Tuesday 2 January 2024

BEATS OF LOVE

109. Abigail's Party  DVD

PUNK-ROCK started our generation gap, but before that explosion, the teenager was born and grew up. Teenagers who defined themselves by buying and not making stuff. Who mimicked what they watched on the telly to style themselves, serviced their own ego and distanced themselves from their parents. Teenagers, a lot like me then. 



In this fresh, new state of alienated consumerism, these teenagers would continue as adults, defining themselves as middle-class despite being born into houses with tin-baths, buying stuff, including 'brand new' homes and often parented punk-rockers who rightfully rebelled against them.  




No art captures this unconscious state of blind aspiration that is still prevalent in society better than Mike Leigh's brilliant play. I've only seen it on DVD about fifty times. It survives because all the social antagonisms that the tragi-comedy teases out persist today.

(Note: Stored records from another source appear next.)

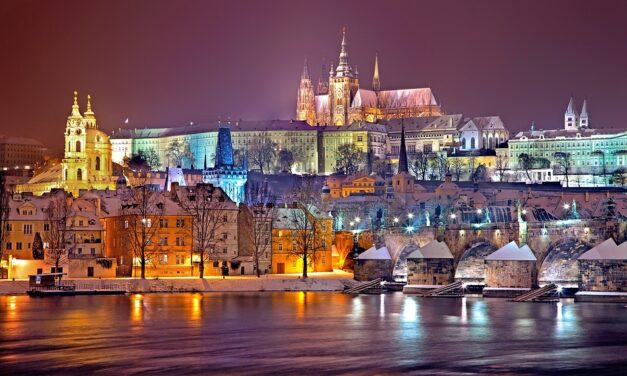 The Ultimate Czech Republic Travel Guide: History, Charm, and Unforgettable Experiences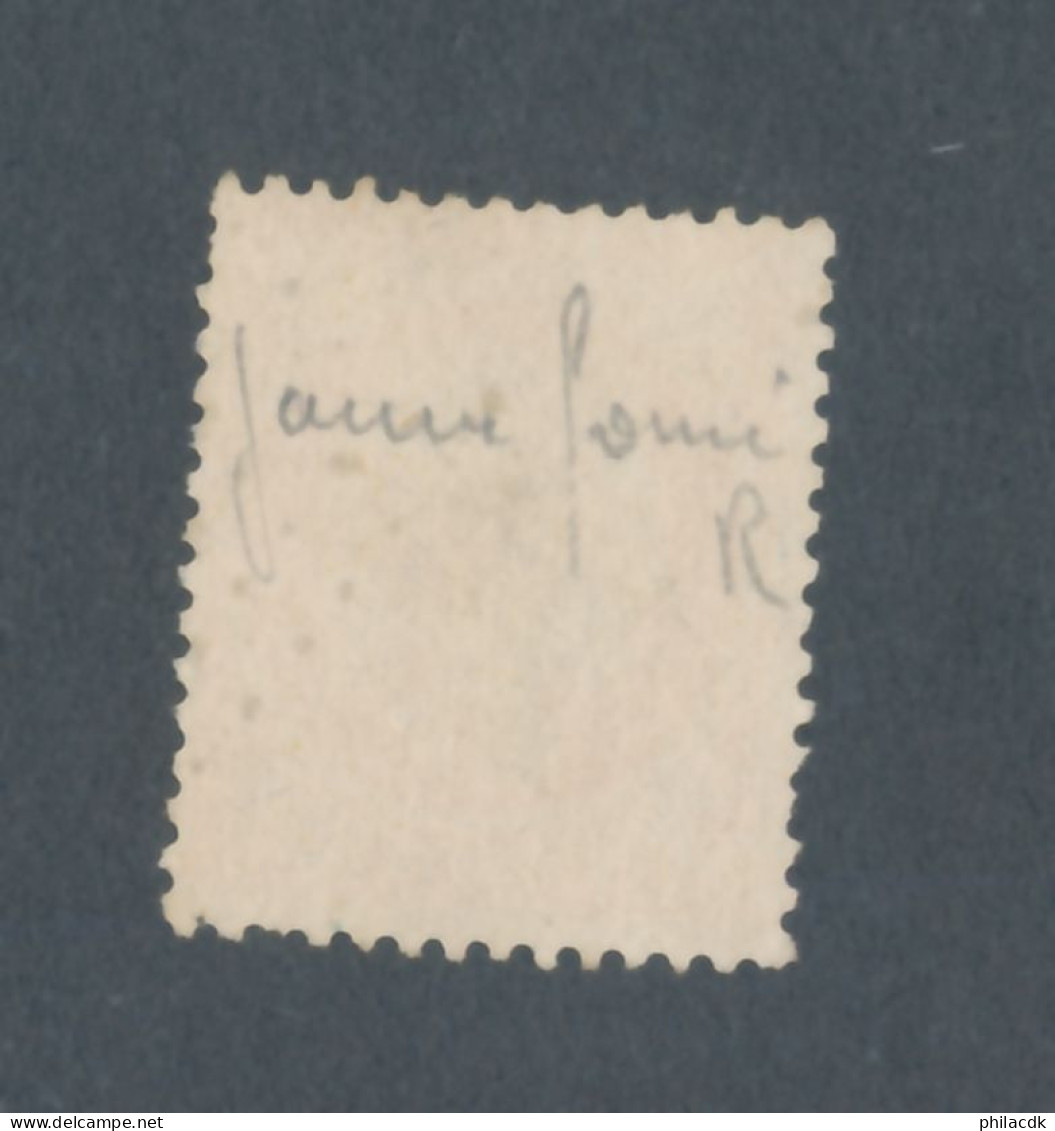 FRANCE - N° 38 OBLITERE - COTE : 12€ - 1870 - 1870 Siège De Paris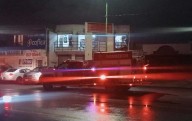 Asusta a juarenses fuerte olor a gas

Their complete lack of any emotional transparency makes his class-obsessed characters, who instead only express themselves by what they consume, appear truly preposterous. Until we recognize little bits of ourselves in them. 

His only proper middle-class character, Sue, looks as uncomfortable as we do watching it. However, whilst she's recognizing something shockingly novel, we're instead recognizing our own family's social shortcomings and the binge-drinking culture that was spawned in society at large. 


Tragically, the punk-rockers in their more pronounced state of alienation failed to grasp that making stuff was essential in resisting Thatcherism. Sadly, they're now conjoined with their parents in that same middle-class bunker mentality. 

Distanced from both the white-working-class community they should've belonged to and migrants who they should be sympathetic to.